No More ‘Poor Door’: New York City Bans Segregated Entrances Based On Income

July 1, 2015  |  

Developers who get tax breaks from building affordable housing in luxury condos are banned from building segregated entrances — one for the po’ folks and one for the wealthy — to compensate for the blurred class lines created from sheltering the haves and the have-nots in one place, The Guardian reports.

The New York state ban, according to CNN Money, was passed on Thursday as part of a statute that “renewed the state’s 421-a tax break program.”

“Affordable units shall share the same common entrances and common areas as market rate units,’’ the bill stated.

The “poor door” policy was previously authorized under an Inclusionary Housing program implemented by former New York City Mayor Michael Bloomberg in 2009. Newsweek delves into the loophole of the six-year-old zoning code:

“The [2009 Inclusionary Housing] allows developers like Extell access to subsidies if they construct affordable housing units, either on- or off-site. Developers have constructed a wall between market-rate buyers and affordable housing tenants, wired separate electrical systems, and built separate elevator systems,” Newsweek said. “Topping it off with separate entrances, there are essentially two separate buildings, but the affordable housing units were classified as ‘off-site.'”

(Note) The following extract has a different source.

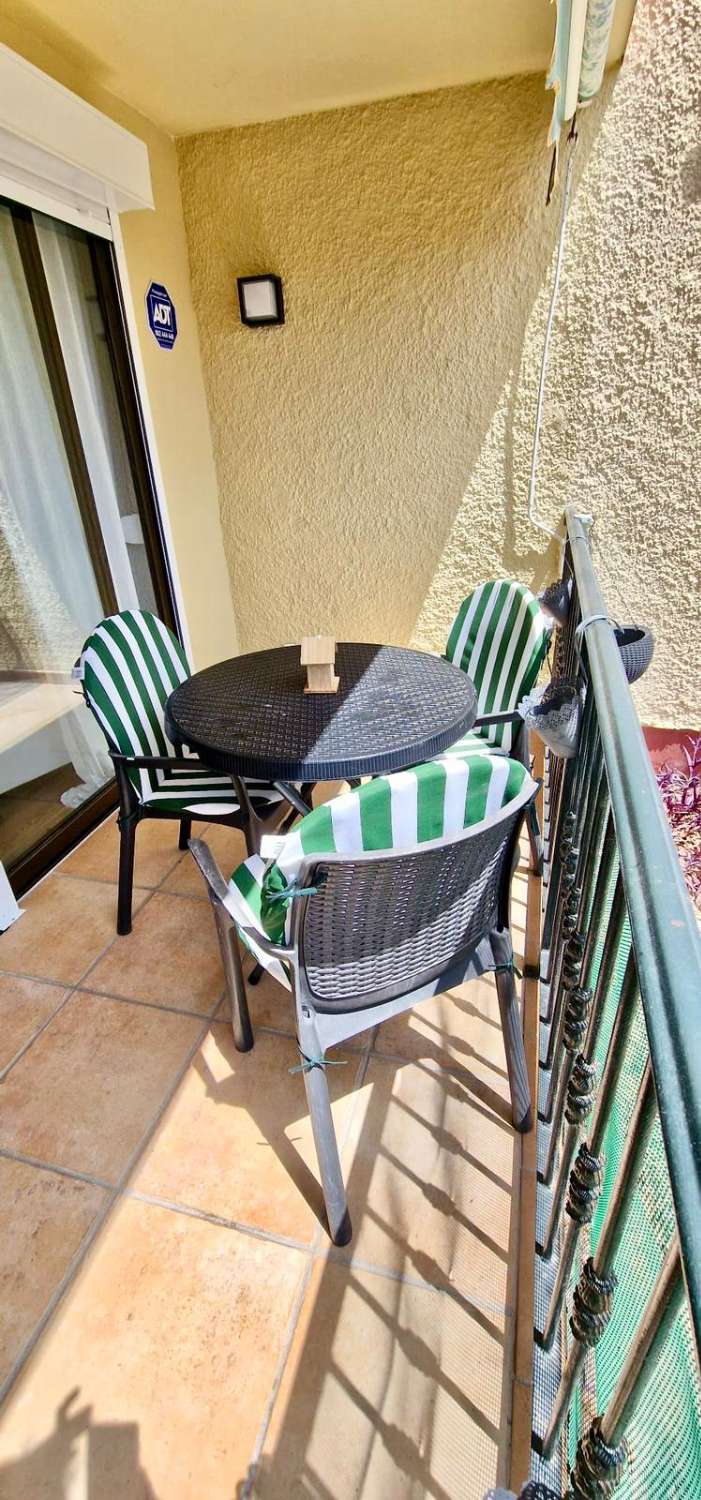 À LOUER DU 1/09/2026 AU 30/06/2027 BEL APPARTEMENT RÉNOVÉ À TORREMOLINOS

Manhattan Borough President Gale Brewer says, “Buildings that segregate entrances for lower-income and middle-class tenants are an affront to our values.”

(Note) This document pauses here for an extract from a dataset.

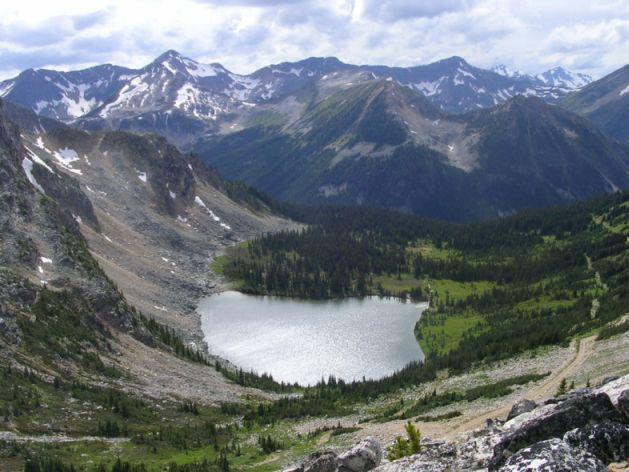 למה לרוב אגמים הם מים מתוקים? אבישי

It’s much too late to do anything about the “poor door” condominiums located on 40 Riverside Boulevard and 1 West End Avenue. According to Newsweek, “[Y]ou can’t exactly ask a development to tear down a 33-story building.” Low-income residents will still be asked to use the poor door, however, amenities such as the courtyard and river-view roof deck that were once closed-off to affordable housing residents will now be accessible.

“Fundamentally, no taxpayer dollar should go to program that further segregates our communities. Certainly not by socioeconomic status,” New York City councilwoman Helen Rosenthal told the Guardian.

Due to the new provision, all affordable housing residents in the future will not be subjected to using a specific entrance due to their income level.